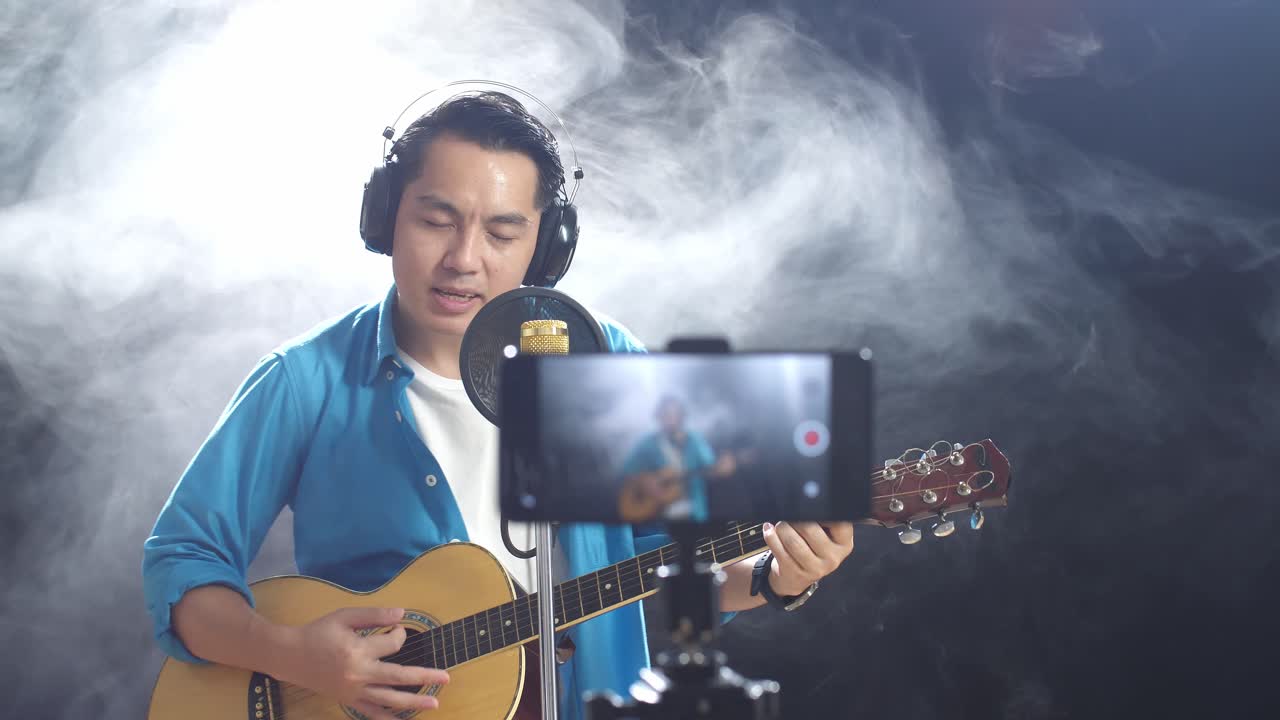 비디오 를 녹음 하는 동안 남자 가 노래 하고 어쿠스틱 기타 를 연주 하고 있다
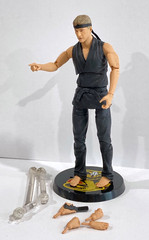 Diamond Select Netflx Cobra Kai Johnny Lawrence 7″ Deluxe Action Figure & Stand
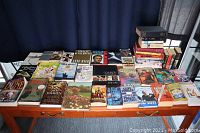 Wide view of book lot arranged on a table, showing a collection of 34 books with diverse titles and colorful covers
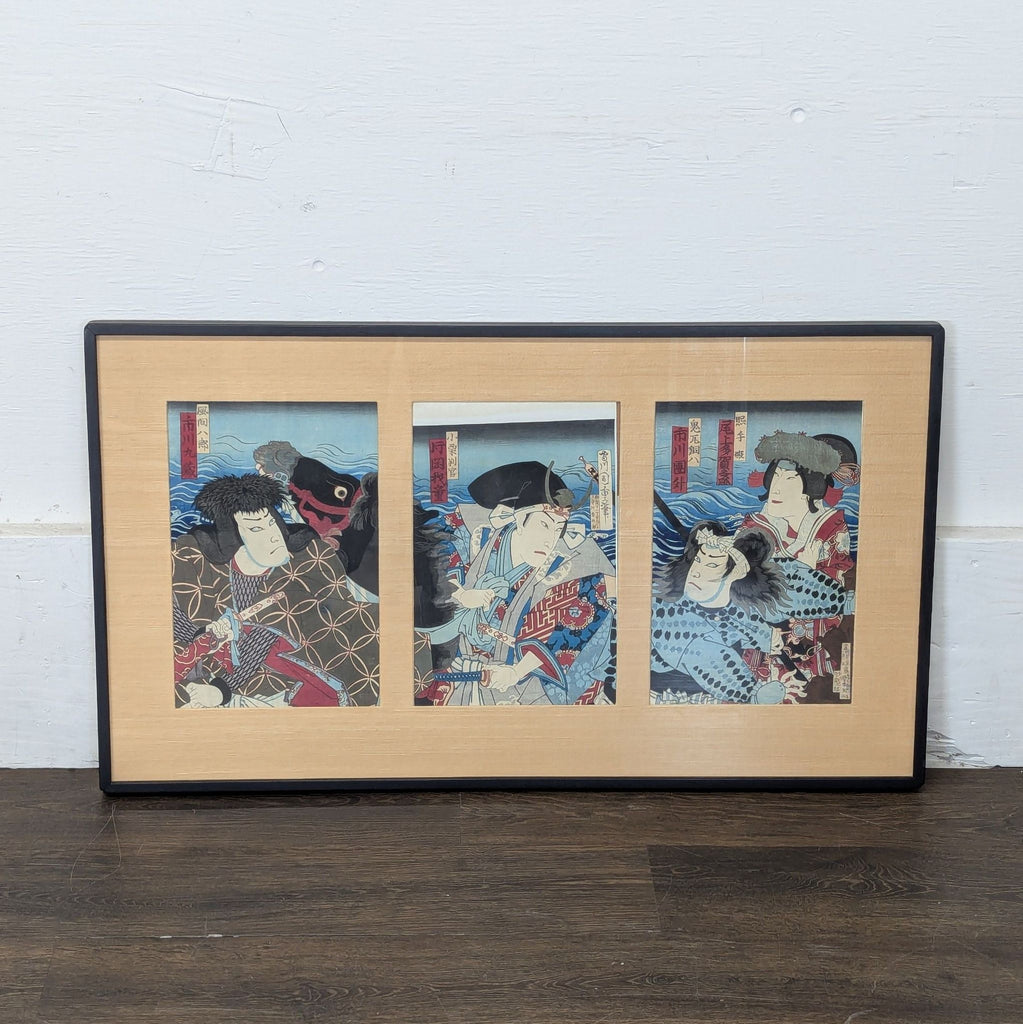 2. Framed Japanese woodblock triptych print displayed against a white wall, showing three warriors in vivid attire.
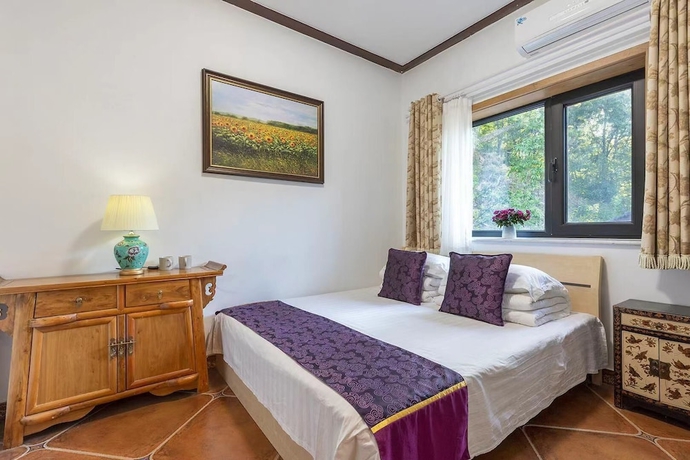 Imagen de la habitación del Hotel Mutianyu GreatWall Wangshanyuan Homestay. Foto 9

○ ○ ○

## WHAT IS NEEDED
Print the lines from the one that contains "Wide view of" through the final line of the material above, exactly and only those, with pictures left out.

## RESULT OF THIS TASK
 Wide view of book lot arranged on a table, showing a collection of 34 books with diverse titles and colorful covers
 2. Framed Japanese woodblock triptych print displayed against a white wall, showing three warriors in vivid attire.
 Imagen de la habitación del Hotel Mutianyu GreatWall Wangshanyuan Homestay. Foto 9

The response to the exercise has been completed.